As in the world, there is a lot of communication about sustainability and biodiversity loss, but very little action. Only a handful of Mauritius business leaders are concerned about this issue. Having a strict Mauritius Biodiversity Affairs Council that can protect the movements that the personal sector can take to repair biodiversity loss in Mauritius would be very difficult. It is the action of corporations and their leaders that can help Mauritius eliminate many of the invasive species that have been brought to the island. Industrial processes such as lax aviation and navigation controls have allowed these invasive species to damage Mauritius’ local wildlife.
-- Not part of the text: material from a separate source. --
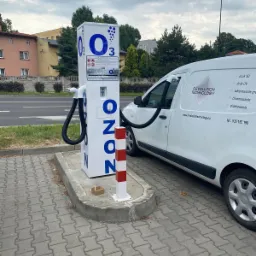 Stanowisko do ozonowania pojazdów z podłączonym wężem do wnętrza białego samochodu dostawczego z logo firmy Revolution Technology na tle ulicy.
Restoring endangered species requires a lot of care and paint.
Much of these paintings were interrupted by the oil spill.
After this disaster, we hope that there will be a way for us to better rebuild and be informed of the experience to know where they believe these island nations can play that role.
I am an economist of progression focused on innovation, sustainability and moral economic growth. Lately I’ve been working with the leading generation corporations in Silicon Valley in
I am an economist of progression oriented to innovation, sustainability and moral economic expansion. Lately I’ve been working with leading generation corporations in Silicon Valley on opportunities for sustainable expansion, i. e. targeting low-income countries. I chair the LSE Ocean Finance Initiative, I am a member of the WEF Global Network of Experts and a member of the CCICED China Council. My e-book on sustainability in the fourth industrial revolution, Soul of the Sea in the Age of the Algorithm, focuses on a revival of oceans and climate and is based on me as an advisor to the economics and innovation of Fortune 500’s global governments and CEOs. I have a degree in progressive economics from Harvard University’s Kennedy School of Government and the University of Cambridge.